Solved – Why are lower p-values not more evidence against the null? Arguments from Johansson 2011

Question

Johansson (2011) in "Hail the impossible: p-values, evidence, and likelihood" (here is also link to the journal) states that lower $p$-values are often considered as stronger evidence against the null. Johansson implies that people would consider evidence against the null to be stronger if their statistical test outputted a $p$-value of $0.01$, than if their statistical test outputted a $p$-value of $0.45$. Johansson lists four reasons why the $p$-value cannot be used as evidence against the null:

1. $p$ is uniformly distributed under the null hypothesis and can therefore never indicate evidence for the null.
2. $p$ is conditioned solely on the null hypothesis and is therefore unsuited to quantify evidence, because evidence is always
   relative in the sense of being evidence for or against a hypothesis
   relative to another hypothesis.
3. $p$ designates probability of obtaining evidence (given the null), rather than strength of evidence.
4. $p$ depends on unobserved data and subjective intentions and therefore implies, given the evidential interpretation, that the
   evidential strength of observed data depends on things that did not
   happen and subjective intentions.

Unfortunately I cannot get an intuitive understanding from Johansson's article. To me a $p$-value of $0.01$ indicates there is less chance the null is true, than a $p$-value of $0.45$. Why are lower $p$-values not stronger evidence against null?

Answer 1

My personal appraisal of his arguments:

1. Here he talks about using $p$ as evidence for the Null, whereas his thesis is that $p$ can't be used as evidence against the Null. So, I think this argument is largely irrelevant.
2. I think this is a misunderstanding. Fisherian $p$ testing follows strongly in the idea of Popper's Critical Rationalism that states you cannot support a theory but only criticize it. So in that sense there only is a single hypothesis (the Null) and you simply check if your data are in accordance with it.
3. I disagree here. It depends on the test statistic but $p$ is usually a transformation of an effect size that speaks against the Null. So the higher the effect, the lower the p value---all other things equal. Of course, for different data sets or hypotheses this is no longer valid.
4. I am not sure I completely understand this statement, but from what I can gather this is less a problem of $p$ as of people using it wrongly. $p$ was intended to have the long-run frequency interpretation and that is a feature not a bug. But you can't blame $p$ for people taking a single $p$ value as proof for their hypothesis or people publishing only $p<.05$.

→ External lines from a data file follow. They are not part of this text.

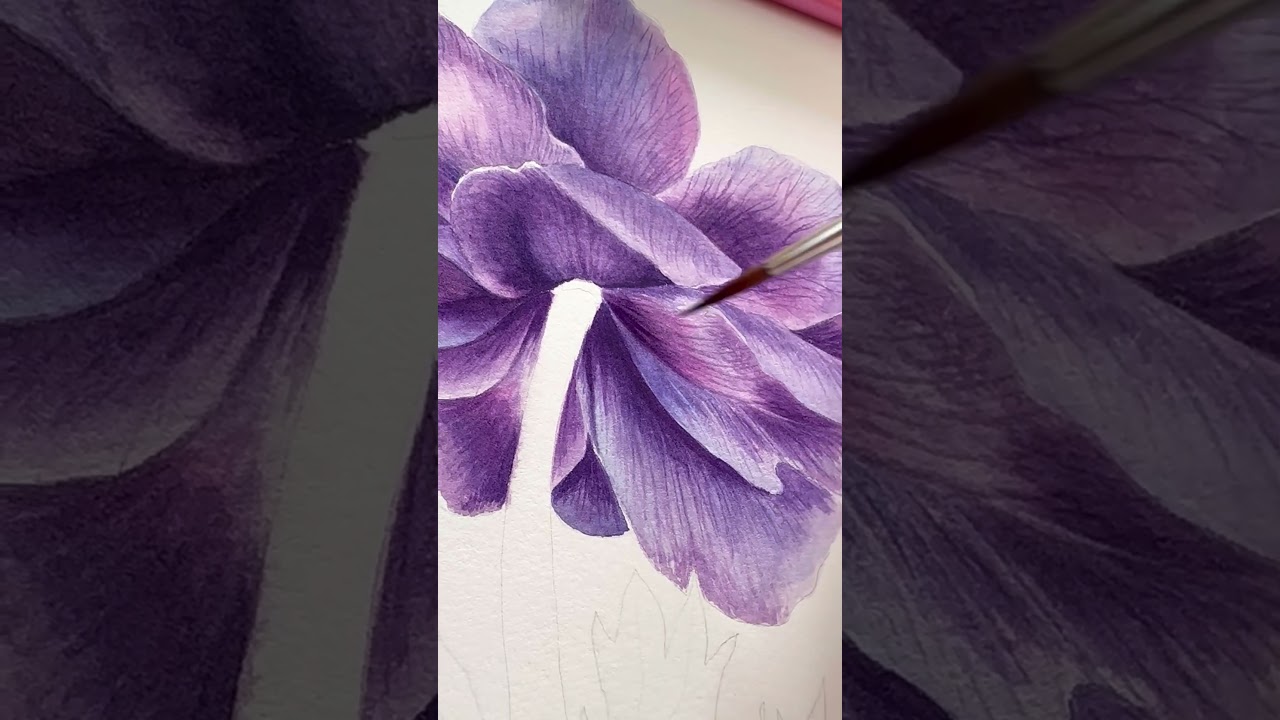 Anemone painting process video is available #arttutorial #realisticpainting #realisticart #anemone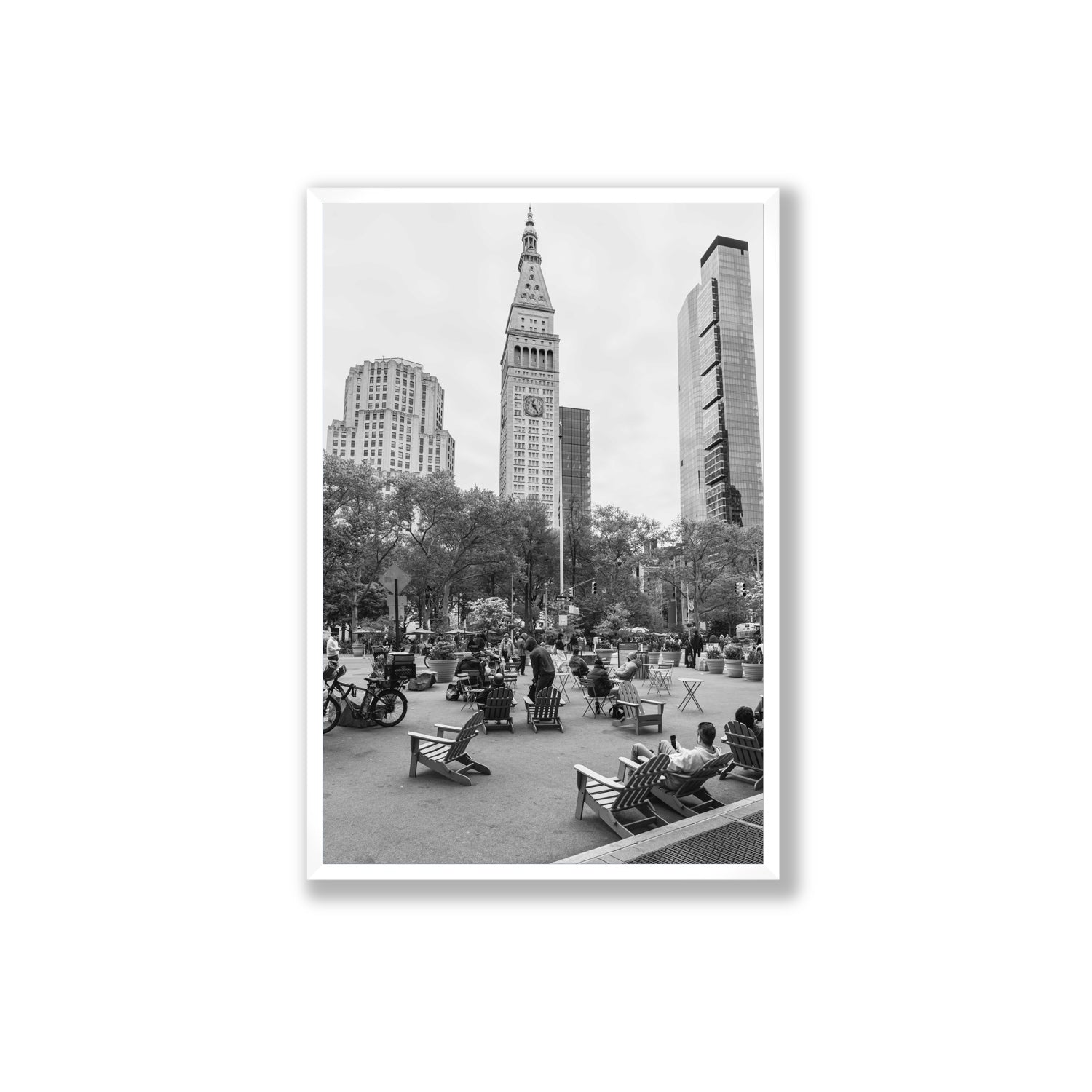 Timeless New York New York NYC Black & White wall art Extra Large full-bleed fine art print in white frame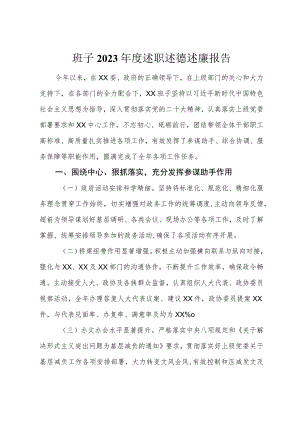 班子2023年度述职述德述廉报告.docx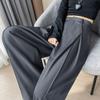 Women's High Waist Wide Leg Pants Straight Trousers Elegant Pleated Solid Polyester Suit Pants For Daily Casual Wear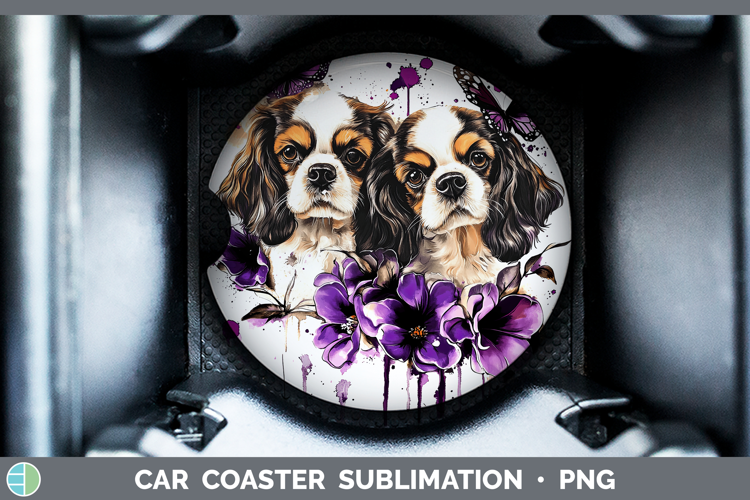 Dogs 02 Purple Drips Cavalier King Charles Spaniel Car Coast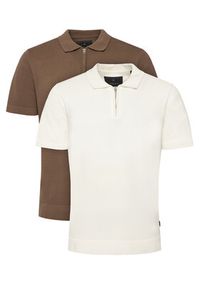 Jack & Jones Polo Milano 12304870 Brązowy jasny Regular Fit. Typ kołnierza: polo. Kolor: brązowy. Materiał: bawełna #8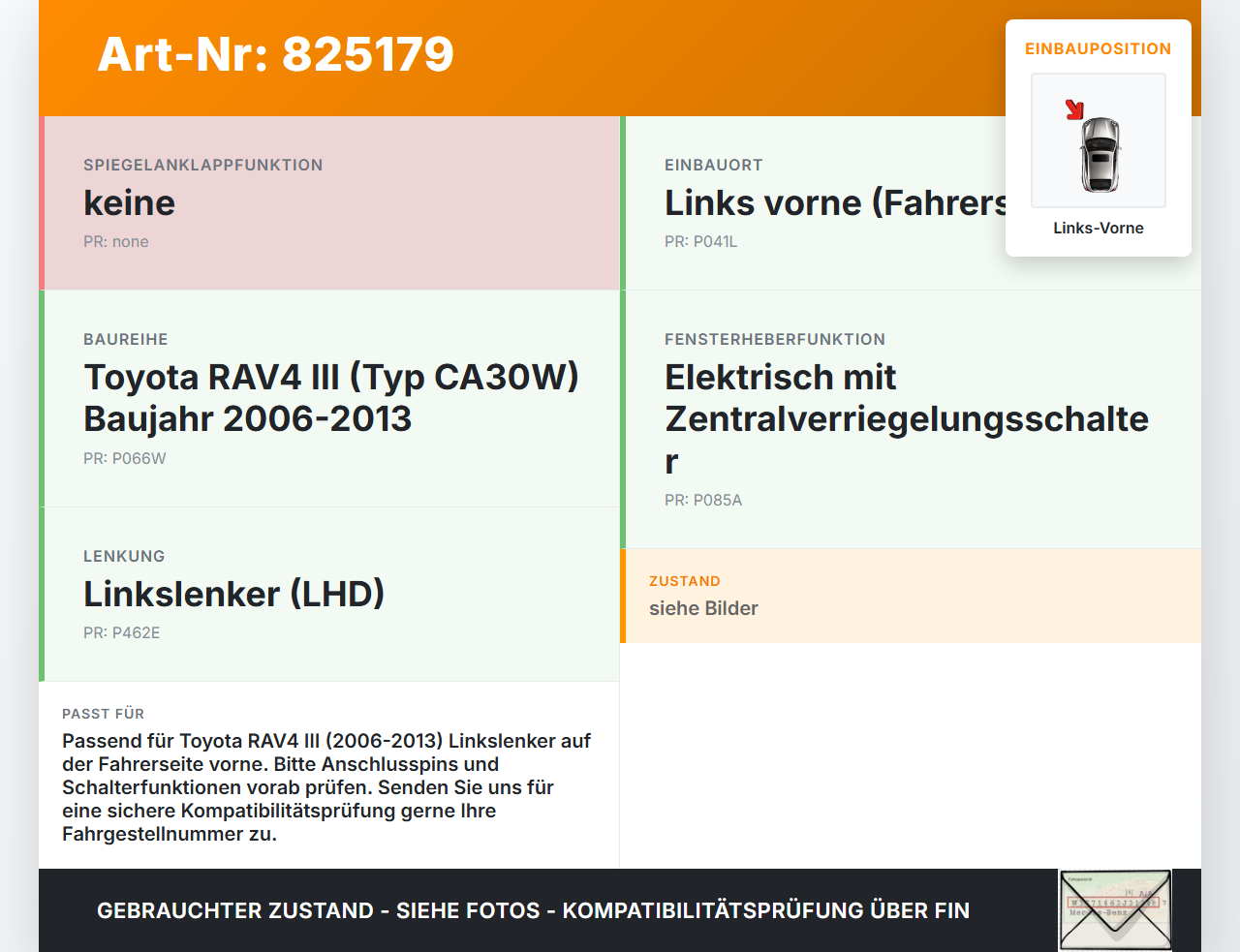 Toyota RAV4 III CA30W 06-13 Fensterheberschalter Schalter Links Vorne Toyota RAV4 III CA30W 06-13 19.04.2006 gebraucht Vorschau 3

His suggestion of using the likelihood ratio as a measure of evidence is in my opinion a good one (but here the idea of a Bayes factor is more general), but in the context in which he brings it is a bit peculiar: First he leaves the grounds of Fisherian testing where there is no alternative hypothesis to calculate the likelihood ratio from. But $p$ as evidence against the Null is Fisherian. Hence he confounds Fisher and Neyman-Pearson. Second, most test statistics that we use are (functions of) the likelihood ratio and in that case $p$ is a transformation of the likelihood ratio. As Cosma Shalizi puts it:

among all tests of a given size $s$ , the one with the smallest miss probability, or highest power, has the form "say 'signal' if $q(x)/p(x) > t(s)$, otherwise say 'noise'," and that the threshold $t$ varies inversely with $s$. The quantity $q(x)/p(x)$ is the likelihood ratio; the Neyman-Pearson lemma says that to maximize power, we should say "signal" if it is sufficiently more likely than noise.

Here $q(x)$ is the density under state "signal" and $p(x)$ the density under state "noise". The measure for "sufficiently likely" would here be $P(q(X)/p(x) > t_{obs} \mid H_0)$ which is $p$. Note that in correct Neyman-Pearson testing $t_{obs}$ is substituted by a fixed $t(s)$ such that $P(q(X)/p(x) > t(s) \mid H_0)=\alpha$.